A novel binary integer abstraction

A novel binary integer abstraction

Hello, everybody! I'm working on a novel binary integer abstraction on GitHub.

I thought I'd share it in case some of you find it interesting. It unifies fixed-width and variable-width representations and brings recovery mechanisms to generic code. It's experimental, and I don't expect it to stabilize anytime soon, but it's still super neat in its current state.
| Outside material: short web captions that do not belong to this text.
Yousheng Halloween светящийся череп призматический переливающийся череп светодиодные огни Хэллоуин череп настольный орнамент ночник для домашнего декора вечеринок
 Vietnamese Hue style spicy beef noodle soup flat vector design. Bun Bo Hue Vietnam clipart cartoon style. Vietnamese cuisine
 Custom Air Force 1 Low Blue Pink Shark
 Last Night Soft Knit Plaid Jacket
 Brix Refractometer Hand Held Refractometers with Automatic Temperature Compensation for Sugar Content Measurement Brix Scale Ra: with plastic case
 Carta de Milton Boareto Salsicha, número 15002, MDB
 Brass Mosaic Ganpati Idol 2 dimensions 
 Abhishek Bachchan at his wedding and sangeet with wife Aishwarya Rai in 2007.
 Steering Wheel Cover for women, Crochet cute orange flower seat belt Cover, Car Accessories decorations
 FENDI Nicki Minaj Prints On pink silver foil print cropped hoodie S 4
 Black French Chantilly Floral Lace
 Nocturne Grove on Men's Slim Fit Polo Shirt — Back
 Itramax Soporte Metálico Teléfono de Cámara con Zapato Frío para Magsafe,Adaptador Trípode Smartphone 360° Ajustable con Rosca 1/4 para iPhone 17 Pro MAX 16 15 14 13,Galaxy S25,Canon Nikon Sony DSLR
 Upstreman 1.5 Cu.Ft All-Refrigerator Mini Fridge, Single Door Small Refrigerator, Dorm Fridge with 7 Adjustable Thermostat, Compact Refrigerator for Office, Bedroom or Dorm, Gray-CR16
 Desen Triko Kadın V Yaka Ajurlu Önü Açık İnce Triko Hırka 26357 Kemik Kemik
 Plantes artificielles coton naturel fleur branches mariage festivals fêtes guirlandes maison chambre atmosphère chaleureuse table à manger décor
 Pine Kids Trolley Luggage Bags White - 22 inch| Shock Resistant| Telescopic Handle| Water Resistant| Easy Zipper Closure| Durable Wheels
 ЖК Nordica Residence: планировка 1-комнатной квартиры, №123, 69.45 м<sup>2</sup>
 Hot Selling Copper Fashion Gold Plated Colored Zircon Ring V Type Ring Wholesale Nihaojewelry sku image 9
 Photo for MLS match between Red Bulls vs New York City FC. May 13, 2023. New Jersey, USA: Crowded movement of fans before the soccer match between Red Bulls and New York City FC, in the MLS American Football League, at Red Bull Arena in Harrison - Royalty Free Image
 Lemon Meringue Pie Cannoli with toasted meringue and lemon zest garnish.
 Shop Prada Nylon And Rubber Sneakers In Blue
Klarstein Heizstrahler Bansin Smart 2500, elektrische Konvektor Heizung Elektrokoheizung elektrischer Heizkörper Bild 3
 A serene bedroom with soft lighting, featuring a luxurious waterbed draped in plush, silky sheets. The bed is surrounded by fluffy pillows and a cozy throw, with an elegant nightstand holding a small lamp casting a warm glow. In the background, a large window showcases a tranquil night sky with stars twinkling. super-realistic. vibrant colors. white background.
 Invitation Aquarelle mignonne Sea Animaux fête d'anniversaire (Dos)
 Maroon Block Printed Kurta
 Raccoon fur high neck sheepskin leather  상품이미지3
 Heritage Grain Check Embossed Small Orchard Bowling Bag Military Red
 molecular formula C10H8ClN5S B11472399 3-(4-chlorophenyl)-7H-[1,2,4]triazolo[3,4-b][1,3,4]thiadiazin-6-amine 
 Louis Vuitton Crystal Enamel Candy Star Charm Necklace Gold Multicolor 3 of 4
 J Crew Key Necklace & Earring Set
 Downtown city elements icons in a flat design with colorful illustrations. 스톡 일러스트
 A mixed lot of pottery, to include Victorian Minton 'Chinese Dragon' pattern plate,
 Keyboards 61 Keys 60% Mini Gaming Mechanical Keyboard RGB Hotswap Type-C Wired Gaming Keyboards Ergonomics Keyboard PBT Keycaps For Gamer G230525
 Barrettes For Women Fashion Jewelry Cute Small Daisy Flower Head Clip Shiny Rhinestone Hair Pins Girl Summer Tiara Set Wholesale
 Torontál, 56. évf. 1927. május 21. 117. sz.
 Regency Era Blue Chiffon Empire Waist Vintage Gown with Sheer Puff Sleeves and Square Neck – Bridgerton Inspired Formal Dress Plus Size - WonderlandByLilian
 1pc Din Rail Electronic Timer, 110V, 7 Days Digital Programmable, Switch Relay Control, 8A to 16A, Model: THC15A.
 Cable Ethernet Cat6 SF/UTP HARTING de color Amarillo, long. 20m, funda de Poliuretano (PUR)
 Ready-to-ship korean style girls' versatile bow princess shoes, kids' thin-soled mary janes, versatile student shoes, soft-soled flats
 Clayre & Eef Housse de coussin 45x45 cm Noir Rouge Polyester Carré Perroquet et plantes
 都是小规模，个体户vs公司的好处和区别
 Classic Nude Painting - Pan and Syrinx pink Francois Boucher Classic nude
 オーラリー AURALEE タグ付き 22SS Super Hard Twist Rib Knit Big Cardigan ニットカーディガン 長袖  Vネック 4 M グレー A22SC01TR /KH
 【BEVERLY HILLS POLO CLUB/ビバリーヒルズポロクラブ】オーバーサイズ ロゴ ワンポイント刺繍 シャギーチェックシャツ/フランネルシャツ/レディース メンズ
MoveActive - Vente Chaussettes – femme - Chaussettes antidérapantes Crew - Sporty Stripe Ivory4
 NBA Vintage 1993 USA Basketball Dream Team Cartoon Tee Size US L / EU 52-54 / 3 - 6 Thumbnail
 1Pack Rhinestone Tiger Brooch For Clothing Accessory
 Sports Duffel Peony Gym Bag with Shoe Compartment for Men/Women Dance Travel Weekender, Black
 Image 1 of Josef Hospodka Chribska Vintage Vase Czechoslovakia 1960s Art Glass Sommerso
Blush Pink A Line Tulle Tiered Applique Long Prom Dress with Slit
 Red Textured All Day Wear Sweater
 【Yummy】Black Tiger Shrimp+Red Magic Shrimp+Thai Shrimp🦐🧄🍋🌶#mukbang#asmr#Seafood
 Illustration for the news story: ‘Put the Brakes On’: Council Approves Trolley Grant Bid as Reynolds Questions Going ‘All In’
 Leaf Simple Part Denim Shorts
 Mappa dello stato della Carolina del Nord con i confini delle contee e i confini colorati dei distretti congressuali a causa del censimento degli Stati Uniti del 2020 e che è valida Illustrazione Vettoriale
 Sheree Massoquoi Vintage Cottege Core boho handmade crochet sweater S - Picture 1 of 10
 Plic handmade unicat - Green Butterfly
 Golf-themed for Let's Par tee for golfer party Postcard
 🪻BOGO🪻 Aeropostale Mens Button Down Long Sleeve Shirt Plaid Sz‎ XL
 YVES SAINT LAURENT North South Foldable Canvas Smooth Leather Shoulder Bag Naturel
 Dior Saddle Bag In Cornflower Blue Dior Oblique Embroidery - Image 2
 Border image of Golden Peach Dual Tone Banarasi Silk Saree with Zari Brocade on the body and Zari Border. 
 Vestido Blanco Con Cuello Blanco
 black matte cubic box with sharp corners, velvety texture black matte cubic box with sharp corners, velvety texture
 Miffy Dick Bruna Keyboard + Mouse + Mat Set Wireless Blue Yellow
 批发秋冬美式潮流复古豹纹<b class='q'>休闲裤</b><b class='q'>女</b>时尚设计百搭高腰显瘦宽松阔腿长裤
It's more or less at the point where I want to build something with it and iterate based on that experience.

I'm 5 months and (128,665 ++, 102,232 --) deep into it.

It features 8-bit to 64-bit integers, a generic un/signed double-width model, and a generic un/signed big-integer type. It also introduces a notion of infinity to ensure invariants like ~(~(x)) == x for all x.

The README.md is a work in progress, but it explains the new concepts.

Also, I have seen @wadetregaskis mention my predecessor project Numberick a few times, and I appreciate the positive commentary. Thanks! Having said that, I don't plan on maintaining the old project since the new abstraction is much more powerful.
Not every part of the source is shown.